WITH THE LIGHTNINGS BY DAVID DRAKE

Their prisoner was a sergeant whose skin was startlingly white beneath a mat of black chest hair. His wrists were tied in front of him and a pole was thrust between his elbows and his back. Barnes and Dasi held opposite ends of the pole, forcing the sergeant to walk sideways, crab fashion, along the trail.

“Well, I hope you’re wrong,” Adele said in her usual coolly astringent tone. “The two soldiers we tried this on first didn’t talk, and I’m getting tired of tramping through the mud.”

“I got nothing to say,” the prisoner repeated. His foot caught in a trailing vine, tripping him so that his weight fell on the pole. He gasped at a pain so severe that he staggered again.

Barnes and Dasi paused; they’d have to carry him if he blacked out completely. “Daniel,” Adele murmured, halting the lieutenant. Sailors had improved the trail from the first time she and Daniel scouted it, but whoever was in the lead still had to force fresh growth aside.

A fungus beetle had bitten the prisoner on the right shoulder. His arm and the whole side of his chest were still lividly swollen. Pus oozing from the wound trailed a yellow crust as far as his elbow.

“Well, I tell you, Sarge,” Dasi said with bantering menace, “I’d just as soon you didn’t talk. I’d just as soon none of you talked. I was back at the other camp, you see, when you bastards had your fun shooting it up. I got blisters on my butt from that, and I guess I was still luckier than you planned me to be.”

Barnes leaned over and pinched the sergeant’s cheek. “You be just as tough as you want, boy,” he said. “I really like to hear you fellows scream.”

The prisoner didn’t speak. He had his feet under him again. Dasi twitched the pole.

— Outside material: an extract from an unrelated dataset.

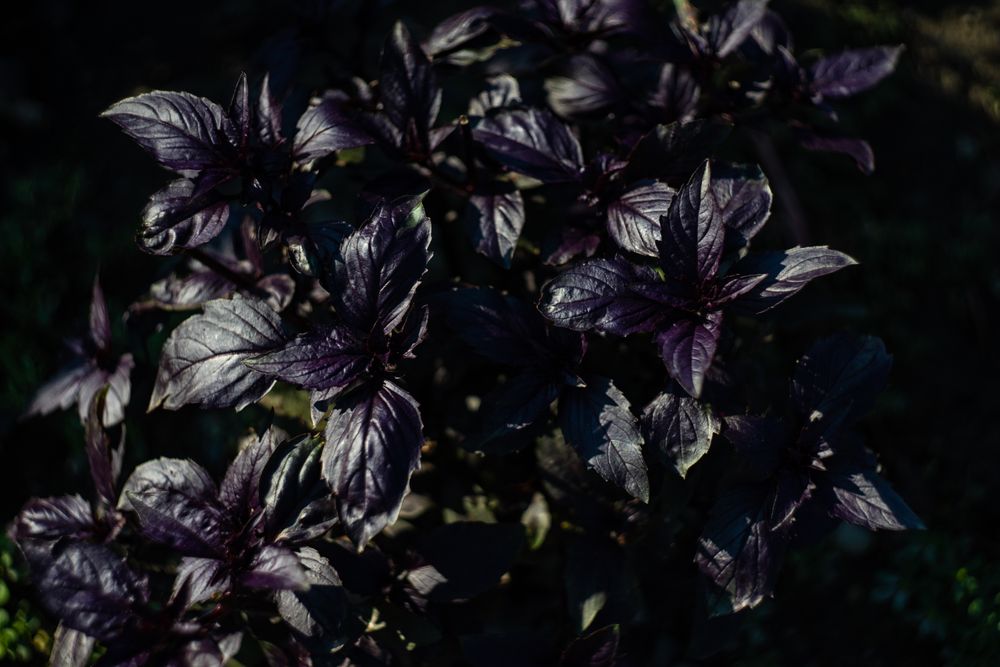 Raw basil herb growing in the sun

The party plodded the short remaining distance to the inlet where soap bubble fungus grew. Daniel and Adele stood to the side so that the sailors could bring the prisoner up to where he had a good view.

“Now, Sergeant,” Daniel said with slightly patronizing formality, “this is the situation. We’re going to tie you to one of those trees there—”

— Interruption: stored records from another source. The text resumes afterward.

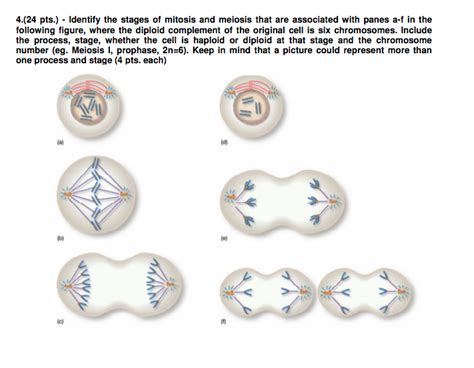 Solved Pts Identity The Stages Of Mitosis And Chegg Hot Sex Picture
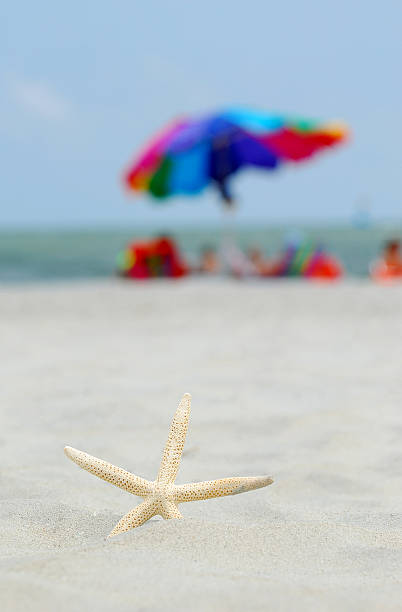 istock starfish on the sand beach 146804118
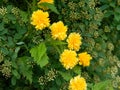 Details of a yellow flowering plant. Kerria japonica pleniflora Royalty Free Stock Photo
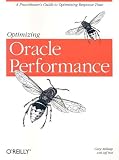 Optimizing Oracle Performance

He gestured to the grove twenty feet away. Two naked commandoes were there already, seated on the ground with their hands tied around the trunks of the trees behind them.

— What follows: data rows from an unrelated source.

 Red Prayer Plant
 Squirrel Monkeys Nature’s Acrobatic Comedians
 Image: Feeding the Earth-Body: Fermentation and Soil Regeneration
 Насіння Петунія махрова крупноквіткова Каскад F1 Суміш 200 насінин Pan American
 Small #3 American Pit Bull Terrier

They were dead and their bodies were swollen horribly. A red, two-inch beetle sat motionless on the protruding tongue of one of the corpses. Above each body were the tattered remains of a soap bubble fungus, its core everted from the yellow rind like trails of cotton batting.

“The fungus is quite tasty,” Daniel said. He smiled. “Not that you’ll have time to appreciate it, I’m afraid. As I said, we’re going to tie you near your friends and walk a good distance away before we start asking you questions. If you answer all the questions completely, then we’ll untie you and take you back to camp. But it has to be a `full and frank disclosure,’ as they say.”

“You can’t do this,” the sergeant whispered hoarsely.

“That’s a remarkably silly thing to say,” Adele commented. “Given that you can see we already have done it.”

“He’s woozy from the sting he got last night,” Daniel said soothingly. “Poor man, I’ve heard that a bite from a fungus beetle hurts worse than being stuffed into a hot furnace.”

He smiled at the prisoner. “But you see,” he went on, “that’s just one bite. If you’re sitting under a nest when my friend here blows it open—”

Adele raised the pistol high enough from her pocket for the prisoner to see it, then let the weapon slide back.

“—you’ll be bitten many times. And I’m afraid that’s invariably fatal.”

Daniel walked toward the grove. He moved as though he were stepping on eggs.

“Be careful, for God’s sake,” Adele snapped. The concern in her voice was real enough. She knew that Daniel didn’t take risks he thought were excessive, but she wasn’t willing to trust his judgment of “excessive.”

With thumb and forefinger, Daniel picked the beetle off the corpse’s tongue. He strode back to the others, moving much more quickly.